Daniel Abadi described his blog entry about Hadoop connectors as a “Stonebraker-style rant” and then delivered on the threat. Like everything Stonebraker has written in the last five years, it’s based on a fundamentally flawed premise, which is that HDFS stores unstructured data. This assumption is not clearly stated, but it’s pretty clear from context, e.g.
primary storage in Hadoop (HDFS) is a file system that is optimized for unstructured data
Among storage folks, “unstructured” means stuff that is written using any of the millions of applications of the last thirty years that write their data using the storage API that’s built into every operating system – i.e. files.
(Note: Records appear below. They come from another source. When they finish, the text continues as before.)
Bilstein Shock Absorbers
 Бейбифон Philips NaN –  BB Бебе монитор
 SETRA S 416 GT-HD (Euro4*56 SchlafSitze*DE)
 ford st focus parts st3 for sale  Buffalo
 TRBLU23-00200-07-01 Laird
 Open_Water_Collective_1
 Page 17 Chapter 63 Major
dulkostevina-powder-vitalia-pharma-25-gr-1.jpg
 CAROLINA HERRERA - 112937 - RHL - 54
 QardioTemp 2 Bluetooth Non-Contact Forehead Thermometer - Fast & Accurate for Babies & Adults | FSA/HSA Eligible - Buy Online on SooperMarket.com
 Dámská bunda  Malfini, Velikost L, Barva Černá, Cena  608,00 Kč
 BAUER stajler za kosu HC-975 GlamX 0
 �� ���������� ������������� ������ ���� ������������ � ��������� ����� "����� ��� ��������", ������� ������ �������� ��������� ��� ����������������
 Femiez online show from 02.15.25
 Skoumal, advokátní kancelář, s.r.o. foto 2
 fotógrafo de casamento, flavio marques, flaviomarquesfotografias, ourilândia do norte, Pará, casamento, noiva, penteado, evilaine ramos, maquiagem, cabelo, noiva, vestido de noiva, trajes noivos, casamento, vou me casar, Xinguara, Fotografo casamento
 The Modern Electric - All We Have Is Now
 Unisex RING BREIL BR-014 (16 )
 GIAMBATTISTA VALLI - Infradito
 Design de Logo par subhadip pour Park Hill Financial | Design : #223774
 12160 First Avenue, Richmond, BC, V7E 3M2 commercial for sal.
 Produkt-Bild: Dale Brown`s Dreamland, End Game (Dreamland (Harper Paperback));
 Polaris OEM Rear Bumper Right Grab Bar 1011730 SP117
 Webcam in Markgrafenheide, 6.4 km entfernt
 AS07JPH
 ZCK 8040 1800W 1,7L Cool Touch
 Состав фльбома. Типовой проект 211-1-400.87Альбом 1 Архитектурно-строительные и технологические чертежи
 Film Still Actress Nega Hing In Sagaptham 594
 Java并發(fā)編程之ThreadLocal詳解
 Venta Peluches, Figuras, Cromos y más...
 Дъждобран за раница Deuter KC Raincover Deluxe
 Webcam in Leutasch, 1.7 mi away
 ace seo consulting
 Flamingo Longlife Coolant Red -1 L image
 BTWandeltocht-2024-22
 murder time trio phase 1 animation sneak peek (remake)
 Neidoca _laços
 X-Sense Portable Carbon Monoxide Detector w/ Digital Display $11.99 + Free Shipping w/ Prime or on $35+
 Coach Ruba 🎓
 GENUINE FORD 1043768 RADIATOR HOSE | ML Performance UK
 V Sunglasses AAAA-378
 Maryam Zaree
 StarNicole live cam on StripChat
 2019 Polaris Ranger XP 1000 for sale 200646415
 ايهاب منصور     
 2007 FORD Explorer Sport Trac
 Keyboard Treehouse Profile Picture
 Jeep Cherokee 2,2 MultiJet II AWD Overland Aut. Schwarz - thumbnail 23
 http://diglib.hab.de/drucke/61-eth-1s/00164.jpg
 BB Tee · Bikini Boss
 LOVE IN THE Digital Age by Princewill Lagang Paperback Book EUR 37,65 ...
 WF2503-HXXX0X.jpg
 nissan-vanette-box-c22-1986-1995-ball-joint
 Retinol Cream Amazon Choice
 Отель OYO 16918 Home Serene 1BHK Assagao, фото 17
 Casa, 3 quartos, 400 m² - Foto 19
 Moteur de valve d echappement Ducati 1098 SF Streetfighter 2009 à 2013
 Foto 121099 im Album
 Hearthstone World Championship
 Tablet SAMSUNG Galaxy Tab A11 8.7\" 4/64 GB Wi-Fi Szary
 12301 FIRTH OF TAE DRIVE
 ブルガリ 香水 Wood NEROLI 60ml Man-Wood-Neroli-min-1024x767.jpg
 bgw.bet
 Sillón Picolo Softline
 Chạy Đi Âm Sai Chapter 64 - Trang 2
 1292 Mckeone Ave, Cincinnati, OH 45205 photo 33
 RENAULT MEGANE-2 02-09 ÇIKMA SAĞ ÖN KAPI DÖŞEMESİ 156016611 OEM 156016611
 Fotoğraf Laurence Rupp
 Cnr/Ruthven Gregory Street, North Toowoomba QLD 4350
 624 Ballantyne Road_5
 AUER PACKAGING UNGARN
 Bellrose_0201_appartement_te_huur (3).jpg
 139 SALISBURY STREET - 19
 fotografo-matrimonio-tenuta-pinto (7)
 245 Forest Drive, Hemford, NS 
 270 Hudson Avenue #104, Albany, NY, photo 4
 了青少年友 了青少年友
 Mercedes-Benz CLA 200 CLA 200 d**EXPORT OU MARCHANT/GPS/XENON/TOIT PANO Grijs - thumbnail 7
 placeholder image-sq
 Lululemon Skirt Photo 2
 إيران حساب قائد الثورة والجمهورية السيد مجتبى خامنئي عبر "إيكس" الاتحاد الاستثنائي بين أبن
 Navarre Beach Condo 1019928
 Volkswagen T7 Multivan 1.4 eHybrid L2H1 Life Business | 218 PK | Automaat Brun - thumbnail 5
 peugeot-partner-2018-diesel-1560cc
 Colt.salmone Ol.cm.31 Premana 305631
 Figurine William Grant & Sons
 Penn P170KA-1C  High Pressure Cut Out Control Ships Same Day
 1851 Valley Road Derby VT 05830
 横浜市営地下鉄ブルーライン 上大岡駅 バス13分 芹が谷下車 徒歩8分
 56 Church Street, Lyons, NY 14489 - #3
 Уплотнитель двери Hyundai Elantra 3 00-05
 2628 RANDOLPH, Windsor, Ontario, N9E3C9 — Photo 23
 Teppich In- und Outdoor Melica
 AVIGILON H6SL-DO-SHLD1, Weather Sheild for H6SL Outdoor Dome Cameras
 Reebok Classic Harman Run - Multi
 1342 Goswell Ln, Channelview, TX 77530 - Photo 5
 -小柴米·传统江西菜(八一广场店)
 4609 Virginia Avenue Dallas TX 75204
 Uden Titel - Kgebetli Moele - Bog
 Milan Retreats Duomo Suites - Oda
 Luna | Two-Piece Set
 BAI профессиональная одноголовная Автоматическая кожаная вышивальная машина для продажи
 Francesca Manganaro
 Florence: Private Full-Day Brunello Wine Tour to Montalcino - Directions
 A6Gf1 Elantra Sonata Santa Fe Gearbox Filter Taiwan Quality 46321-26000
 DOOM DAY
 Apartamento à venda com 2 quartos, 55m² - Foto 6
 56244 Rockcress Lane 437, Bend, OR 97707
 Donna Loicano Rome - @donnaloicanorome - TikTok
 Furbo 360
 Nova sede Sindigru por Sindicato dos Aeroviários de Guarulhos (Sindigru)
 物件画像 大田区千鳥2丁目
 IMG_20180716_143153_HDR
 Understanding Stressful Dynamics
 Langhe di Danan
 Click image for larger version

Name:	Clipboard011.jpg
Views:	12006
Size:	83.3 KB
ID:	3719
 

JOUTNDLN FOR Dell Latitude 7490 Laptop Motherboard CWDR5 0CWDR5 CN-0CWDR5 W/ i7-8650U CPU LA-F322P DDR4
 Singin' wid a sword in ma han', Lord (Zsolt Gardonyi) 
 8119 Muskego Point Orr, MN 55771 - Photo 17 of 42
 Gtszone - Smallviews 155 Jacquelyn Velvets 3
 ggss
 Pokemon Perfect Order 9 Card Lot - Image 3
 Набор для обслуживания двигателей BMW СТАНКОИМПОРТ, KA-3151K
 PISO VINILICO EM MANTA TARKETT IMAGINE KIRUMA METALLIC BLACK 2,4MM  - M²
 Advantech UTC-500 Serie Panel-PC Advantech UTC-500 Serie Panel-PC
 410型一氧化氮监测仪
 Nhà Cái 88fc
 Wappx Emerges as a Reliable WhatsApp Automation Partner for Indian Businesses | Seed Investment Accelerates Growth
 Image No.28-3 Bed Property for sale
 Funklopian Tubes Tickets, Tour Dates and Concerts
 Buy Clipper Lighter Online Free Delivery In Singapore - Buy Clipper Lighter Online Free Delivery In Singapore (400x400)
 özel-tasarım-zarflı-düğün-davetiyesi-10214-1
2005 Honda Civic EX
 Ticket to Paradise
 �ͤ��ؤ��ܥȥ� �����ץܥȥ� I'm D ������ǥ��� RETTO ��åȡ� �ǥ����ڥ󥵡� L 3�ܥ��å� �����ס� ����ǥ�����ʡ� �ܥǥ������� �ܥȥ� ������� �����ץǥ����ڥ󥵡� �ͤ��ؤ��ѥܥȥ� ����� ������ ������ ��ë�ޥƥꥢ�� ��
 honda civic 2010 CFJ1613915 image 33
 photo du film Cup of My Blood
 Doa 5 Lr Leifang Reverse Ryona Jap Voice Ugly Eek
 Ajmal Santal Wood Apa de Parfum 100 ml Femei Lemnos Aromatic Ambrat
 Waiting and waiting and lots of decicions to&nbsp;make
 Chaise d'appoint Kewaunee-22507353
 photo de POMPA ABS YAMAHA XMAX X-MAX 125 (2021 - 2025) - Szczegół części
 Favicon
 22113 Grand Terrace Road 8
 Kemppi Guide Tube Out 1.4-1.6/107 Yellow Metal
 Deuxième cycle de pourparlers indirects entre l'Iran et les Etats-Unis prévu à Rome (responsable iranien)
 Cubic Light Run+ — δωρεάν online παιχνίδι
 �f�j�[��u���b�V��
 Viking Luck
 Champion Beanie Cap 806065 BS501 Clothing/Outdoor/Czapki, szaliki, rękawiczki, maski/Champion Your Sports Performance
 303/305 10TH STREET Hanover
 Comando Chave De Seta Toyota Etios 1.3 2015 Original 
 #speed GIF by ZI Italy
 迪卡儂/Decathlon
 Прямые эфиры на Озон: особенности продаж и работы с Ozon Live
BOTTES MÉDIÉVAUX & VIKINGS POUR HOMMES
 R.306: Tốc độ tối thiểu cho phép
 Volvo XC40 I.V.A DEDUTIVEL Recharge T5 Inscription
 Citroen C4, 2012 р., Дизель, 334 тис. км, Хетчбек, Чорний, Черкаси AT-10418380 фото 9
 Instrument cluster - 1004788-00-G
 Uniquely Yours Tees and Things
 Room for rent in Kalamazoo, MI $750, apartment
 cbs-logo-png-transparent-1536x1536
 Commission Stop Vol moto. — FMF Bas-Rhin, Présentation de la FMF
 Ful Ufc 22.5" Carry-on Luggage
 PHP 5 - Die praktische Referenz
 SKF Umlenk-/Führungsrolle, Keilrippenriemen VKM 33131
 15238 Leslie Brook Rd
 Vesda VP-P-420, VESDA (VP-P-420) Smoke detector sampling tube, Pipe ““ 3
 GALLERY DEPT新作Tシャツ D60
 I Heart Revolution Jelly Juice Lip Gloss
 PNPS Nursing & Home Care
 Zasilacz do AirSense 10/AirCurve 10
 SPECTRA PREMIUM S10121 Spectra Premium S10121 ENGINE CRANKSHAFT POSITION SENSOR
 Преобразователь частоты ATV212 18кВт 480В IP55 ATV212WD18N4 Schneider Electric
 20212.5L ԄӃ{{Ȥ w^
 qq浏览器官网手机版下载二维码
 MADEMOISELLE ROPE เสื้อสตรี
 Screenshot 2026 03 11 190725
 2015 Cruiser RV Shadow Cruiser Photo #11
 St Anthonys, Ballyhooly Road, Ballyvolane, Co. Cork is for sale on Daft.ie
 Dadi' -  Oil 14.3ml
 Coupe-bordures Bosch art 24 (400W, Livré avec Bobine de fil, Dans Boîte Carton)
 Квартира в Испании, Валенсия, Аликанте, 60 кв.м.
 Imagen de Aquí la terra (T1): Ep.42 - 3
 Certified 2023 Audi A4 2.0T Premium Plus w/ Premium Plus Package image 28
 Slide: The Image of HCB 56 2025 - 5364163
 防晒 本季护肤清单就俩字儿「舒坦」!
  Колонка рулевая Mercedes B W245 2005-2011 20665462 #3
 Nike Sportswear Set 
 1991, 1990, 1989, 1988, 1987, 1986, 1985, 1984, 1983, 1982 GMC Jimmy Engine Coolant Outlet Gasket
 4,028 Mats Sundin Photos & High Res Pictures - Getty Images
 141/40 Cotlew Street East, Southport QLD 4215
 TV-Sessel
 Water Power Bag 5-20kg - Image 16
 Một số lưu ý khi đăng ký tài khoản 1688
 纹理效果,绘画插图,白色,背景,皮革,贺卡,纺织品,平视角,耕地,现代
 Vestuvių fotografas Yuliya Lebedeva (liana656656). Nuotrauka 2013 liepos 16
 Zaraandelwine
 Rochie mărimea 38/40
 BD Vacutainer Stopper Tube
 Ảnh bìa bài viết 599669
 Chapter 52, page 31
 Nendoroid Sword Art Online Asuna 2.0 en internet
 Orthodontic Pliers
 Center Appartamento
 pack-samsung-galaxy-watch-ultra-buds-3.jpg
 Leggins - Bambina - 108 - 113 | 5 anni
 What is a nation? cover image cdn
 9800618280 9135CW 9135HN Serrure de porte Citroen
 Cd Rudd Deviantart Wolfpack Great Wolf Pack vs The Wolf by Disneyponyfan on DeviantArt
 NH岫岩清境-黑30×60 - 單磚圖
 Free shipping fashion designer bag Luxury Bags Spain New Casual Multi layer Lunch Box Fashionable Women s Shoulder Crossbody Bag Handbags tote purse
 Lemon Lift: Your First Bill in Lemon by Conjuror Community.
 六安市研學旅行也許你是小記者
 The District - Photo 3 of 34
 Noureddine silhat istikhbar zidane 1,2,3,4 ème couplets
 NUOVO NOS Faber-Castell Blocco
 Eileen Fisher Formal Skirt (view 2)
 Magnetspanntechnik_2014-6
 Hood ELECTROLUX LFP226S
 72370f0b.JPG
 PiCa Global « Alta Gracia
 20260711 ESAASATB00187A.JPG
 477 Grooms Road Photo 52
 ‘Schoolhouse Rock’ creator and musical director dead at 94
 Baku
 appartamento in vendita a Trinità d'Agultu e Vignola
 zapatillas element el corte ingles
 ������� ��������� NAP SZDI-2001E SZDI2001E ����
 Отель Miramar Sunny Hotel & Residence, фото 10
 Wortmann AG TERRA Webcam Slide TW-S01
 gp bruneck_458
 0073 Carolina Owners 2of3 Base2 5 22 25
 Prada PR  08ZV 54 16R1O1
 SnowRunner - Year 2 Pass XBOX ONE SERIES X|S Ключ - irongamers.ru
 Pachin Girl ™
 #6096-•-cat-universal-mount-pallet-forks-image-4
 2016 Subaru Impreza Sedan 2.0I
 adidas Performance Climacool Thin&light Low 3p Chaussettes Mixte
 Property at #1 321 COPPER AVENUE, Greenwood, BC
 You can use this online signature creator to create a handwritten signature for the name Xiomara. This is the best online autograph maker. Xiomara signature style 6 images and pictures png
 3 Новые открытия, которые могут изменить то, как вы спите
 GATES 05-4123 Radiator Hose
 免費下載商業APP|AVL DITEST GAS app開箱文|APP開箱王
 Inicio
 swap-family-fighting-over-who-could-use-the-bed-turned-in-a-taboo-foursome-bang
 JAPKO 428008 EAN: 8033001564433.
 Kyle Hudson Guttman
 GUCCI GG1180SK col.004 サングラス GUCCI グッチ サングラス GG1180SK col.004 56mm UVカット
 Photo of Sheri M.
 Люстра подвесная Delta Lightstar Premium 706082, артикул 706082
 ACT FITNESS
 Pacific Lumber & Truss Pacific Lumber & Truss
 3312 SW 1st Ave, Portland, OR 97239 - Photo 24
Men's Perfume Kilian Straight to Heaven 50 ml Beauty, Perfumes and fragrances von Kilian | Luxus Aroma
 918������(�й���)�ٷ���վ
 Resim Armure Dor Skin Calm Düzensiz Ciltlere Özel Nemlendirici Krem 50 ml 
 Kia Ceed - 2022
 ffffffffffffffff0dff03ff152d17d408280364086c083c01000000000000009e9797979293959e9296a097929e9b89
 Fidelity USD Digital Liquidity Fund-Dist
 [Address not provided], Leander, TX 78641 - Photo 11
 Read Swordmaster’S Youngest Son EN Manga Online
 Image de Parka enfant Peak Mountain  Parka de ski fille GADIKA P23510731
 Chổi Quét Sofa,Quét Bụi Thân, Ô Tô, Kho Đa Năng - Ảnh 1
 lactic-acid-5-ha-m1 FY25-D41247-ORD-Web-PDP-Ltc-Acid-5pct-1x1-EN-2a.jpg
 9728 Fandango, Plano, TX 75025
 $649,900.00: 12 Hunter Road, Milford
HDFS does not store unstructured data. If it did, there would be no need to import true unstructured data into HDFS. HDFS is not quite a real file system, usable by a significant percentage of applications. It’s designed to support Hadoop itself and that’s pretty much all it does with any degree of competence. Can you extract and build a Linux kernel source tree in HDFS? Even if you could, how good do you think a system designed around management of 128MB chunks work for that? (BTW yes, I can think of ways to analyze this kind of data using Hadoop, so it’s not an entirely silly example. Use your imagination.)
Going back to Daniel’s argument, RDBMS-to-Hadoop connectors are indeed silly because they incur a migration cost without adding semantic value. Moving from one structured silo to another structured silo really is a waste of time. That is also exactly why filesystem-to-Hadoop connectors do make sense, because they flip that equation on its head – they do add semantic value, and they avoid a migration cost that would otherwise exist when importing data into HDFS. Things like GlusterFS’s UFO or MapR’s “direct access NFS” decrease total time to solution vs. the HDFS baseline. I’d put DataStax’s Brisk into the same category, even though the storage it provides is structured underneath, because it also works “inline” like the native file system alternatives instead of requiring an import phase like HDFS. The fact that you can also use CassandraFS to work with file-based applications is just icing on the cake.
So, are Hadoop adapters a good idea or a bad one? It depends on what kind you’re talking about. Daniel and I can agree that ETL-style RDBMS connector doesn’t make any sense at all, but I believe that an inline unstructured-data connector is a different story altogether.